Find Us On Social Media :

Cerita dari Para Perangkai Kata

By K. Tatik Wardayati, Rabu, 14 Desember 2016 | 20:03 WIB

Budi Darma: Menulis adalah Menata Hidup

Intisari-Online.com – Di tepi Sungai Barito, Eka Kurniawan memandangi tongkang batu bara bergerak pelan mengikuti arus. Sebelumnya, ia menyusuri sungai lain dengan perahu kelotok. Mengunjungi sejumlah tempat dan mendengar cerita penduduk tentang kehidupan mereka. Eka mengunjungi Banjarmasin akhir September lalu, melakukan riset untuk tulisannya.

Eka, 37 tahun, adalah sastrawan muda Indonesia berbakat yang kerap dibandingkan dengan  sastrawan besar Indonesia Pramoedya Ananta Toer. Novel pertamanya Cantik Itu Luka mendapat banyak pujian, baik dari kritikus maupun pembaca sastra. Majalah Horison menulis, novel yang diterbitkan pada 2002 itu adalah novel kelas dunia. Hebatnya Cantik Itu Luka sudah diterjemahkan ke dalam bahasa Jepang.

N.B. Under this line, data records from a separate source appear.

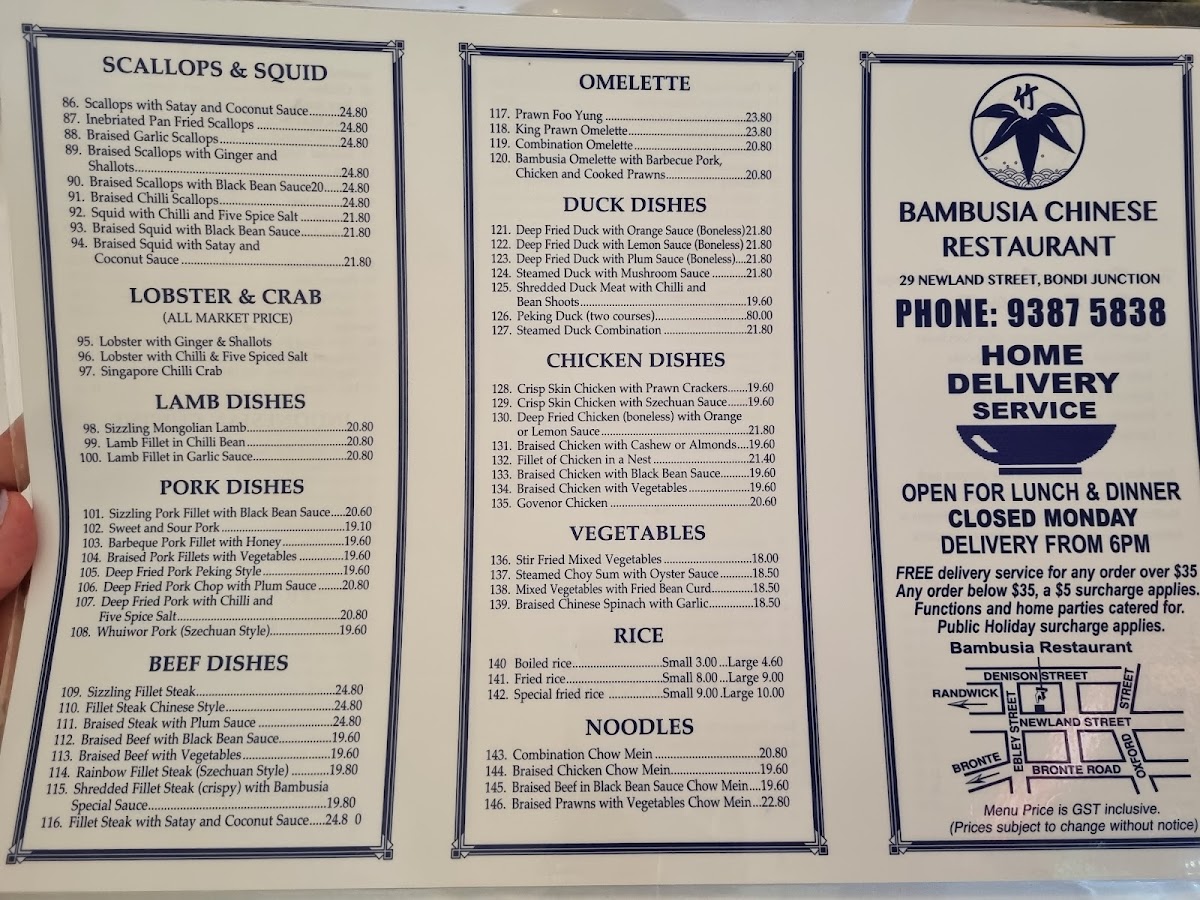 Bambusia Chinese Restaurant Photo Menu 4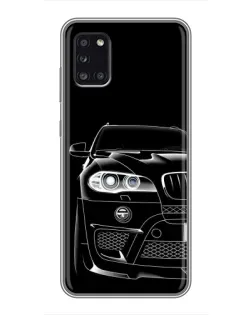 Чехол для Samsung Galaxy A31 (A315) с картинкой «Темный силуэт BMW»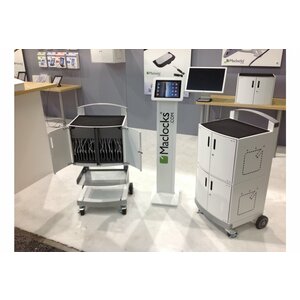 Compulocks CartiPad Duo Charging Cart - Steel - 550.2 mm Width x 458 mm Depth x 988.6 mm Height - For 32 Devices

Sampai sekarang Eka sudah menerbitkan lima buah buku, Cinta Tak Ada Mati, Gelak Sedih, Lelaki Harimau, Cantik Itu Luka serta Pramoedya Ananta Toer dan Sastra Realisme Sosialis. Dan banyak tulisannya berupa cerpen dan esai dimuat di media nasional.

Pria asal Tasikmalaya ini adalah satu dari sedikit sastrawan yang menjadikan menulis sebagai   profesi tanpa terikat kepada perusahaan tertentu dan menerima gaji bulanan. Artinya, Eka hanya mendapat penghasilan dari menjual tulisannya.

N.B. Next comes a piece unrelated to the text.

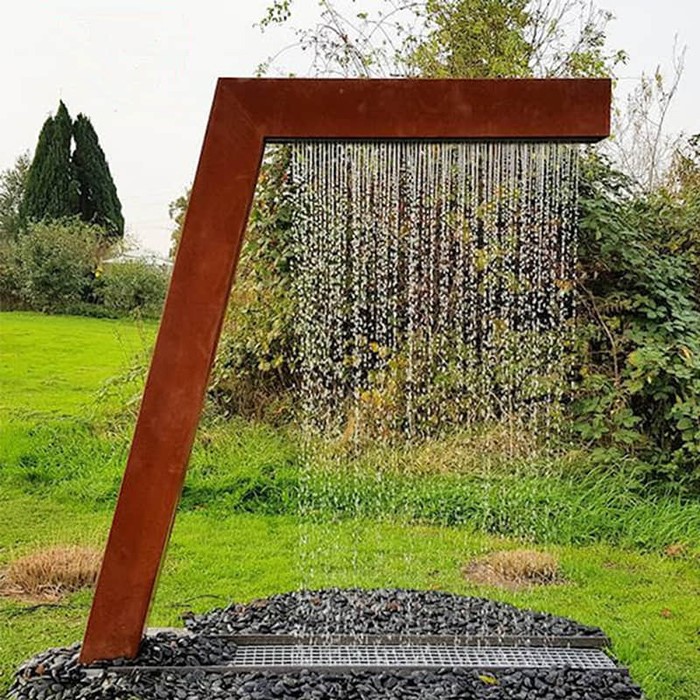 backyard water fountain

Sebelum memutuskan untuk mandiri, selain menulis, Eka pernah bekerja selama dua tahun sebagai editor naskah di sebuah rumah produksi. “Ketika akan menulis novel baru, saya memutuskan berhenti bekerja kantoran,” tutur suami Ratih Kumala ini. Sampai sekarang sudah empat tahun Eka tidak menerima gaji bulanan.

Pada mulanya Eka tidak menjadikan menulis sebagai profesi. Sebab seperti sebagian besar penulis pemula, awalnya menulis tidak menghasilkan banyak uang. “Saya menjalaninya terus sampai kemudian penghasilan datang dengan sendirinya,” kisahnya.

Bagi Eka, sebagai profesi, menulis adalah untuk memperoleh penghasilan. Namun ada kalanya, ia menulis untuk kesenangan dan ekspresi diri tanpa peduli menghasilkan uang atau tidak.

Eka percaya profesi apa pun bisa menghidupi siapa pun. “Seperti profesi lain, jika ditekuni dengan baik, saya yakin menulis bisa untuk membiayai hidup,” tegas ayah Kinanti Kidung Kurniawan ini.

M. Aan Mansyur, 30 tahun, juga punya keyakinan yang sama. Pria asal Makassar ini adalah sastrawan muda yang tengah memantapkan karier di dunia sastra. Sebuah penerbitan besar, September tahun ini menerbitkan buku kumpulan cerpennya Kukila. Sastrawan Joko Pinurbo memuji Aan sebagai penulis yang pintar menciptakan misteri cerita dengan jalinan kata-kata  yang bernapaskan puisi.

Sebelumnya Aan sudah menerbitkan lima buku puisi yaitu Hujan Rintih-Rintih, Aku Hendak Pindah Rumah, Cinta yang Marah, Tokoh-Tokoh yang Melawan Kita dalam Satu Cerita serta Sudahkah Kau Memeluk Dirimu Hari ini? dan dua novel yaitu Perempuan dan Rumah Kenangan.

“Jika sekarang saya belum bisa dianggap hidup layak dari pekerjaan sebagai penulis, saya yakin kelak bisa,” kata Aan optimis. Jika setiap judul buku yang diterbitkan dibaca oleh lima persen penduduk Indonesia, tambahnya, penulis akan hidup layak. Saat ini selain menulis, untuk menghidupi dirinya, Aan bekerja sebagai editor lepas di sejumlah penerbit.